I only started pumping 10 days ago, but already I am in love with my pump. Even though we are stilling dialing in my basal rates, already I can see improvements in my BG's. I never had a problem with injections, so pumping was never about convenience for me but surprisingly pumping is so much less tedious than MDI than I ever thought it could be. I think it is a bit of a self preservation mechanism for our minds to tell us that injections are easy whilst we have no choice, so as that we don't become to overwhelmed by them. Once you have an alternative you finally allow yourself to think, oh hey, having to jab yourself X times a day really was annoying.

Here is a video posted by Bill from 1Happy Diabetic about his opinion on pumping in response to a previous video of his about a bad infusion site.

-p.s.- high five for aussie diabetics ;-)
Thanks for the advice guys, yeah will give it a go, as you all said at least I can go back to shots if I dont like it.

Also thanks for the link Pilcrow, took a look and at several of his videos, he is a funny boy !!
If I could add just one thing--in addition to what Pilcrow said about people posting problems more often than "my sites are not a problem." My personal observation is that many, though not all, of the people with site problems are quite thin and/or tend to have other allergies (if allergy to tape is the problem). So read the posts carefully for clues before assuming the problem could happen to anyone!

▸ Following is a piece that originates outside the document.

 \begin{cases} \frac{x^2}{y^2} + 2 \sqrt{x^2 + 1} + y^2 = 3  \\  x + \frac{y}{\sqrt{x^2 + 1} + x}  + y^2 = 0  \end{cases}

I do think that many of us have to find the correct tape for our skin type and activity level. I suggest that you sample all the infusion sets your company offers and also try out various brands of tape if you need to use any extra to hold the insertion in place. You will find that out as you go. Ask your pump rep or CDE for samples of all of these. If not that person, then call the pump company (haven't checked which one you are getting). They will send free samples. Not sure if they send tapes though.
A pump is not a tinker toy, as if you didn't know! It is a serious piece of technology that takes time and effort to get comfortable with it. Good luck and be patient over the next 6 months!
Hi Natalie: I have been pumping for 13 of my 16 Type 1 years. I would never go back to injections. I love my pump, and named him "Mr. Pumpy." Original I know. But seriously, pumping allows much better control and more freedom. Yes, it is a mechanical device, so sometimes failure occurs. But the pump is so worth it. Like many others, I often post here when I have a problem and I am seeking assistance. I say go for it. You need to do lots of testing, and there is a learning curve as you work to get your basal rates right (best book is "Pumping Insulin" by John Walsh), but it is so worth it. Good luck!